About this task: Would you reproduce every line of the material exactly?

Start of Block

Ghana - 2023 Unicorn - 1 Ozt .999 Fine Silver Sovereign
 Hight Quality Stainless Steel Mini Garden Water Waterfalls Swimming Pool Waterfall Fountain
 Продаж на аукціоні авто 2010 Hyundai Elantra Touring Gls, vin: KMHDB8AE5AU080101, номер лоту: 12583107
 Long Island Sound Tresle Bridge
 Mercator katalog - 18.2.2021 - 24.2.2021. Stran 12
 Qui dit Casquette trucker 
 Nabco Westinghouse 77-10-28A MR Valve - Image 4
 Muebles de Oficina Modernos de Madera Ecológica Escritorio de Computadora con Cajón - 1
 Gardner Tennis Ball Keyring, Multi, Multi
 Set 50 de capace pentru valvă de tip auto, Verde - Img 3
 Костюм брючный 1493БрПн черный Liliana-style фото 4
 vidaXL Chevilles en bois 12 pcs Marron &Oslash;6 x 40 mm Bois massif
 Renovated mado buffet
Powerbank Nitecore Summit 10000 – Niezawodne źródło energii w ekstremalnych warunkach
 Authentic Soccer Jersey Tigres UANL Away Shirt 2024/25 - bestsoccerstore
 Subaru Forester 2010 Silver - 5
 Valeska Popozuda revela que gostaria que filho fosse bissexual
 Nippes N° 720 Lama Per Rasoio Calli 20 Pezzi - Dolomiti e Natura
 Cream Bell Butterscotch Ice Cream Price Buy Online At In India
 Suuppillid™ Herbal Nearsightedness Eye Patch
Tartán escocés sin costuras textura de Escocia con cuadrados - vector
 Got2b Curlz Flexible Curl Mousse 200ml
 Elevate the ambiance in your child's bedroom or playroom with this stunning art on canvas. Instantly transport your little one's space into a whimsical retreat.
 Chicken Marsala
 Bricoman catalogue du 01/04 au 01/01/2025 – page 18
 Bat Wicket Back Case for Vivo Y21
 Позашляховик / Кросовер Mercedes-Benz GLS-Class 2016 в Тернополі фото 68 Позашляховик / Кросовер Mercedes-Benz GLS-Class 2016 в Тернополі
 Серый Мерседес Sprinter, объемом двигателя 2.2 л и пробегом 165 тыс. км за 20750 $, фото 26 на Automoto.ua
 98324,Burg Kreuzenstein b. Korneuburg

End of Block

Final answer:
Ghana - 2023 Unicorn - 1 Ozt .999 Fine Silver Sovereign
 Hight Quality Stainless Steel Mini Garden Water Waterfalls Swimming Pool Waterfall Fountain
 Продаж на аукціоні авто 2010 Hyundai Elantra Touring Gls, vin: KMHDB8AE5AU080101, номер лоту: 12583107
 Long Island Sound Tresle Bridge
 Mercator katalog - 18.2.2021 - 24.2.2021. Stran 12
 Qui dit Casquette trucker 
 Nabco Westinghouse 77-10-28A MR Valve - Image 4
 Muebles de Oficina Modernos de Madera Ecológica Escritorio de Computadora con Cajón - 1
 Gardner Tennis Ball Keyring, Multi, Multi
 Set 50 de capace pentru valvă de tip auto, Verde - Img 3
 Костюм брючный 1493БрПн черный Liliana-style фото 4
 vidaXL Chevilles en bois 12 pcs Marron &Oslash;6 x 40 mm Bois massif
 Renovated mado buffet
Powerbank Nitecore Summit 10000 – Niezawodne źródło energii w ekstremalnych warunkach
 Authentic Soccer Jersey Tigres UANL Away Shirt 2024/25 - bestsoccerstore
 Subaru Forester 2010 Silver - 5
 Valeska Popozuda revela que gostaria que filho fosse bissexual
 Nippes N° 720 Lama Per Rasoio Calli 20 Pezzi - Dolomiti e Natura
 Cream Bell Butterscotch Ice Cream Price Buy Online At In India
 Suuppillid™ Herbal Nearsightedness Eye Patch
Tartán escocés sin costuras textura de Escocia con cuadrados - vector
 Got2b Curlz Flexible Curl Mousse 200ml
 Elevate the ambiance in your child's bedroom or playroom with this stunning art on canvas. Instantly transport your little one's space into a whimsical retreat.
 Chicken Marsala
 Bricoman catalogue du 01/04 au 01/01/2025 – page 18
 Bat Wicket Back Case for Vivo Y21
 Позашляховик / Кросовер Mercedes-Benz GLS-Class 2016 в Тернополі фото 68 Позашляховик / Кросовер Mercedes-Benz GLS-Class 2016 в Тернополі
 Серый Мерседес Sprinter, объемом двигателя 2.2 л и пробегом 165 тыс. км за 20750 $, фото 26 на Automoto.ua
 98324,Burg Kreuzenstein b. Korneuburg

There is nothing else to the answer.